Another common question is whether your Branded campaign will eat up all your organic traffic. It won’t—if structured correctly. We shouldn’t think of paid search and organic as competitors; rather, they work hand-in-hand to meet the business’ overall goals. There are opportunities where organic will shine more and queries where paid campaigns will serve you better.
Google’s algorithms are impressively potent when it comes to predicting user intent. A conversion-focused bid strategy, for example, will prioritize paid ads for the queries that are most likely to convert, while leaving lower-intent searches to organic. That preserves budget and ensures searchers get the right experience for their intent.
How Should Creative Differ for Branded Search?
Think of Branded ad copy like your mother: Super proud of you, extremely direct, and never shy about asking for what she wants (“When are you going to give me grand kids!?”)
Use this as an opportunity to tout glowing reviews, awards, or trust signals. Searchers typing your brand name are likely already close to conversion—so giving them the extra confidence by promoting positive aspects of your brand is a great way to seal the deal..
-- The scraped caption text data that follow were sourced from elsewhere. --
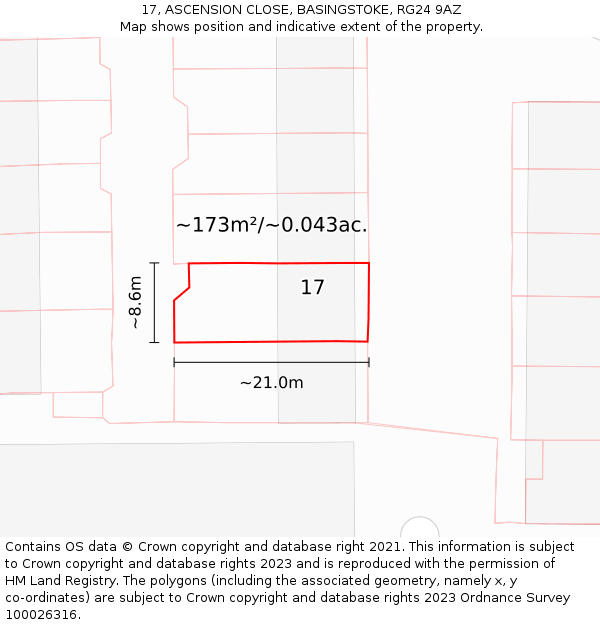 17, ASCENSION CLOSE, BASINGSTOKE, RG24 9AZ: Plot and title map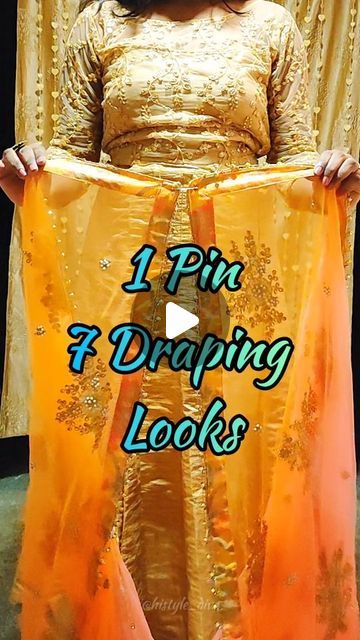 Lehenga Dupatta Drape, Dupatta Draping Styles On Gown, Lehenga Draping Styles, Lehenga Dupatta Draping Style, Dupatta Draping Style, Dupatta Draping Styles, Dupatta Styling, Gown Style Dress, Dupatta Draping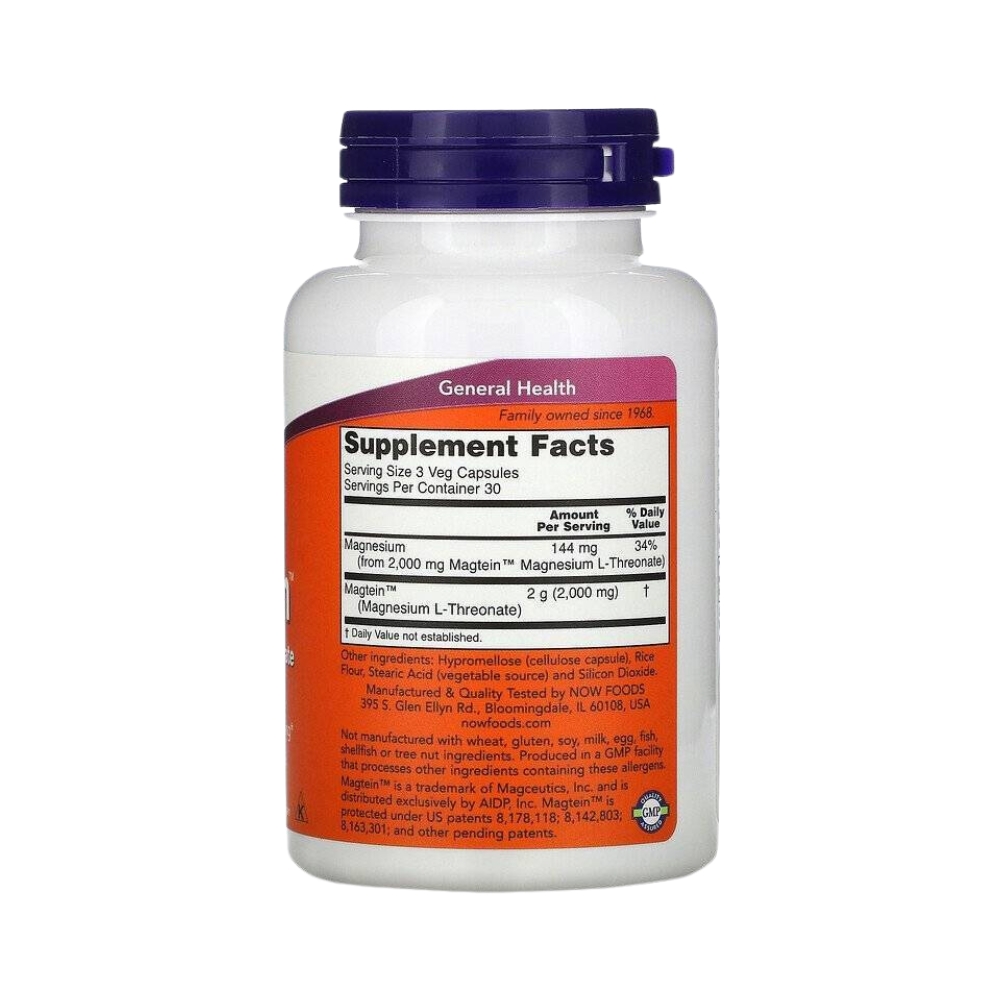 MAGTEIN NEURO MAGNÉSIO L TREONATO - 90 CÁPSULAS - Now Foods - Imagem 2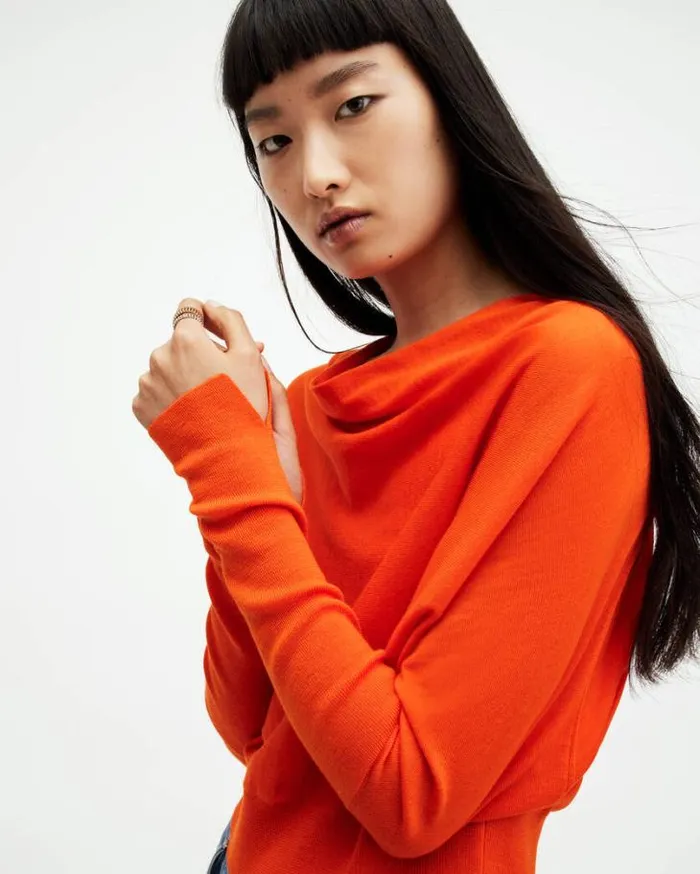 Ridley Cropped Wool Sweater Zesty Orange Women AllSaints Sweaters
Conversely, being too forward in Non-Brand campaigns can feel salesy to top-of-funnel searchers, so those campaigns might lean more on value props, product features, etc.
Common Mistakes in Branded Search Campaigns
The most common mistake is underfunding your Branded campaigns. Some brands run them, but treat them as an add-on with the thought that their organic campaigns will do the bulk of the lifting. Organic search is going through serious shifts right now with the rise of AI Overviews and zero-click searches, so having the insurance of a strong Branded Search strategy is an opportunity to minimize the effects of this traffic disruption.
Don’t treat Branded campaigns as an afterthought—they can be a core driver of SEM efficiency.
Are There Times When Brand Bidding Isn’t Worth It?
There are exceptions. If competition on your terms is minimal, the urgency is lower. But in most industries, competitor pressure exists, and branded campaigns provide positive returns.
Many brands think that, if they’re working with a tight budget, they should skip on Branded search in favor of Non-Brand, but that’s probably the wrong approach. Branded tends to be far more cost-efficient than Non-Brand campaigns and delivers high-quality, lower-funnel traffic—so it’s typically a better investment.
Doing Right By Your Brand
Despite the many misconceptions about it, bidding on your brand name is still one of the most efficient, protective, and strategic Google Ads investments you can make. It guards against competitors, ensures searchers have the right experience, and adapts to the evolving landscape of AI-driven SERPs.
If your agency isn’t making brand campaigns a priority—or is running them without strategy—it’s time to revisit. Done right, branded search remains a cornerstone of search marketing success in 2025.